Callum hampir saja melepaskan tangannya pada pinggang Lexy. Ia segera mendekap sang pangeran, lalu berusaha untuk menatapnya lekat-lekat. Ia sudah benar-benar mabuk, pikirnya dalam hati.
Sang pangeran menggelengkan kepalanya berulang kali, berusaha untuk menjernihkan pandangannya. Dari sudut matanya, Lexy bisa melihat seorang gadis berpakaian seragam pelayan. Ia lalu memutarkan tubuh Callum agar ia bisa melihat lebih jelas siapa pelayan itu.
Lexy menahan napasnya saat menyadari pelayan itu tak lain adalah sang Ratu yang menyamar. Ia bersumpah bisa merasakan senyuman puas sang Ratu yang tertuju ke arahnya. Tatapannya seolah-olah hendak mengatakan, "Bagus, anakku. Buatlah sang pangeran terpikat padamu."

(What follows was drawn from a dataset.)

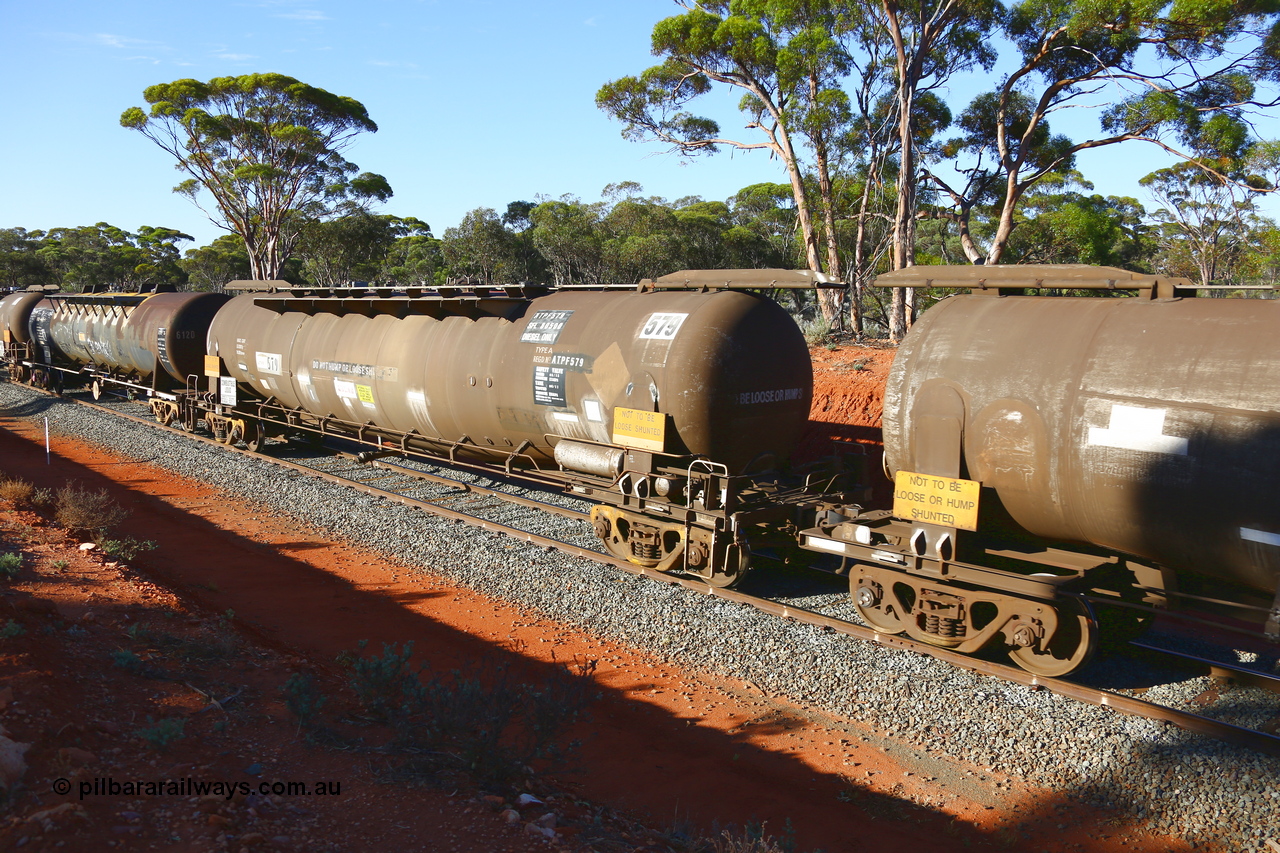 190109 1688
Binduli, empty fuel train 4445, ATPF 579 fuel tank waggon built by WAGR Midland Workshops 1974 for Shell as WJP type 80.66 kL one compartment one dome, fitted with type F InterLock couplers, in Viva Energy ownership.
Keywords: ATPF-type;ATPF579;WAGR-Midland-WS;WJP-type;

"...mmm..lena," gumam sang pangeran. Lexy segera memusatkan pandangannya kembali ke wajah Callum. Pria itu menatapnya lekat-lekat lalu tersenyum kepadanya. Lexy membalas senyumannya. "Ada apa, pangeranku? Maukah Anda menari denganku....lebih lama lagi?"
Callum langsung memeluknya erat-erat. Bibirnya hampir mengenai hidung Lexy. Ia berusaha untuk menenangkan diri agar tidak menampar sang pangeran. "Selalu..." Gumamnya. "Aku tidak akan pernah melepaskanmu."
Dari sudut matanya, Lexy tidak lagi melihat si pelayan. Ia lagi-lagi melihat pandangan gadis-gadis yang iri kepadanya. Ia menaikkan sudut bibirnya. Bagus, pikirnya puas. Lihatlah ke arahku.
Kali ini giliran Callum yang meraup pipinya, memaksa untuk melihat matanya langsung. Masih dengan wajah mabuk, jari-jari Callum mendarat di belakang kepalanya. Lalu dengan cekatan, ia mulai melepaskan tali topengnya.
Jantung Lexy mulai berdebar-debar. Perasaan tidak enak yang sedari tadi ditanggungnya mulai menjalarinya. Bagaimana jika efek dari Madu Susu berkurang dan wajahnya mulai kembali seperti semula?
Topeng keemasan miliknya sudah benar-benar dilepas. Callum melempar topeng itu ke lantai, dan tiba-tiba saja menyatukan bibir mereka.
Semua orang langsung terkesiap, termasuk juga dirinya. Ia dapat merasakan angin yang meniup wajahnya tanpa topeng. Amarahnya semakin terasa, dan ia tidak dapat berbuat apa-apa selagi bibir sang pangeran menyentuh bibirnya.
Callum mempererat dekapannya, dan terus-terusan menciumnya. Napas mereka bercampuran, dan aroma dari tubuhnya yang seperti wangi mawar mulai memenuhi penciuman Lexy. Callum mengelus-ngelus punggungnya, lalu tangan satunya lagi mendarat ke bagian pinggulnya.
Lexy menghembuskan napas gugup. Bibir Callum terasa lembut dan basah. Callum berbisik ke mulutnya, "Kau milikku, Alena."